In the middle of a bizarre hearing in which the judge was entirely unimpressed by the WBC, he asked a question which cut to the heart of boxing. "What is a world championship?" he asked.
Eventually, he understood that it was an honour to be passed down from fist to fist, without fear or favour for as long as the sport lasts. Yet the wheelers and dealers ignored the warning. By the end of 1992 there was no acknowledged world champion. Riddick Bowe had refused to fight Lennox Lewis, who was acknowledged as his leading contender.
Confusion might have been avoided had Bowe met everyone else, but instead he dithered around against the has-beens Michael Dokes and Jesse Ferguson, so allowing the alternative claim of Lewis, who had the backing of the WBC, to develop.
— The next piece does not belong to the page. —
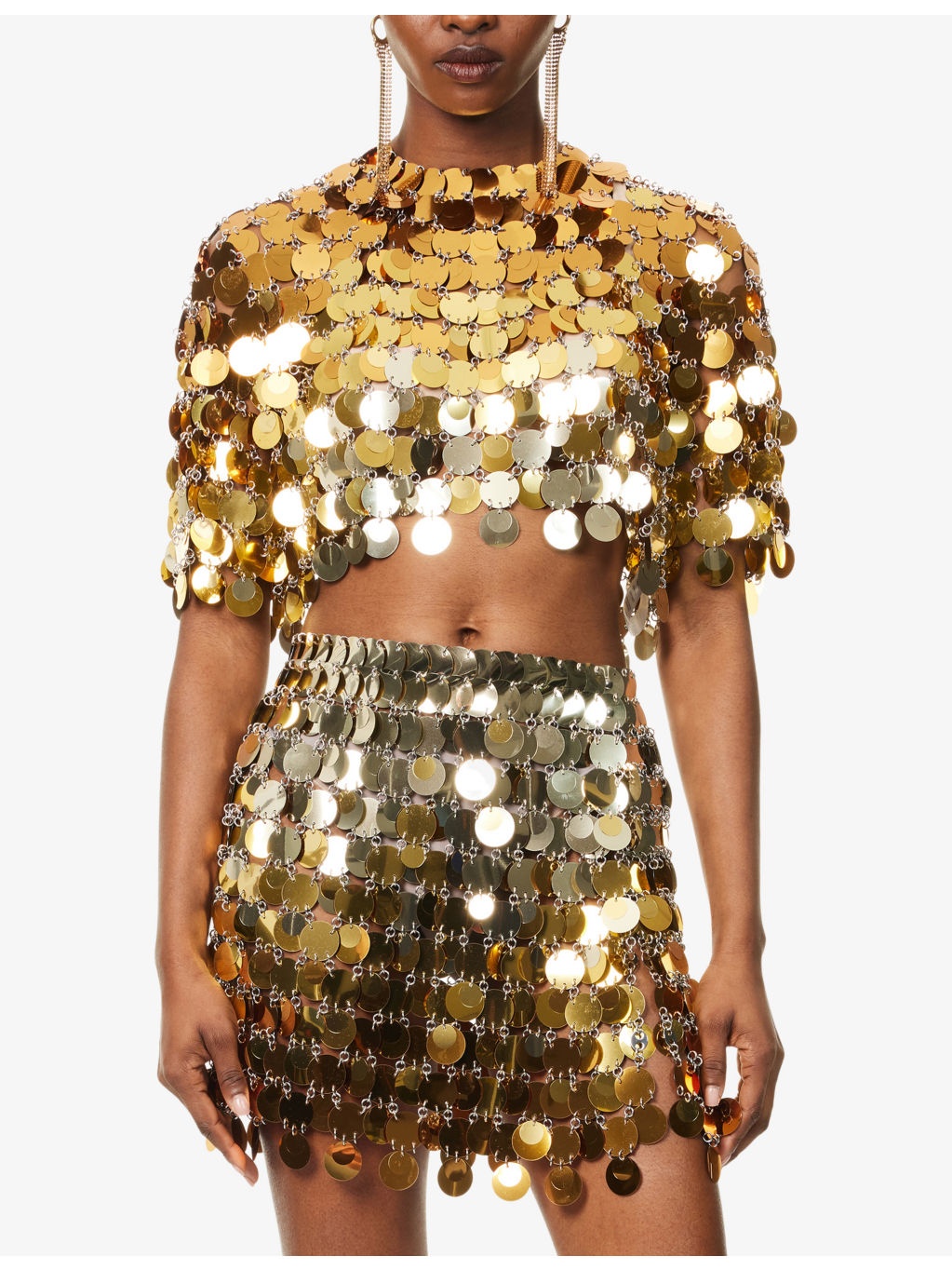 Sparkle Discs Woven Cropped Top - 3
Public perception gradually became muddled. Eventually, by the end of 1994, Bowe had been succeeded as the World Boxing Association and International Boxing Federation title holder by Holyfield, Michael Moorer and the 45-year-old George Foreman, while Lewis had lost the WBC belt to the unstable Oliver McCall.
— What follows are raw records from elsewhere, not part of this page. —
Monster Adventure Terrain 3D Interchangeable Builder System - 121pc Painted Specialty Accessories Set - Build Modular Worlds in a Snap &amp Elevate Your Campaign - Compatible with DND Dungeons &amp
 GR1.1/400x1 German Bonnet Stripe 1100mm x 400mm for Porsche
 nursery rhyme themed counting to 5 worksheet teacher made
Foreman drifted away from the ring, Tyson drifted back into it only to fizzle out with his two climactic defeats by Holyfield, and Lewis continued to be avoided, or runs the other argument, to avoid.
Boxing largely defines itself by its champions: Dempsey, Louis, Marciano, Ali. Because of the muddle, no single heavyweight has been able to define the 1990s and to be linked inextricably with it for all time. American television networks, exasperated by what they perceive as a state of perpetual confusion, have walked away. So too has the casual fan.
The question of who will win is intriguing but of secondary importance. The point is that, barring the unlikely draw, there will be a winner and that boxing can move into a better, more understandable time, where the fights which the public want to see, between the top two men in a weight division, happen.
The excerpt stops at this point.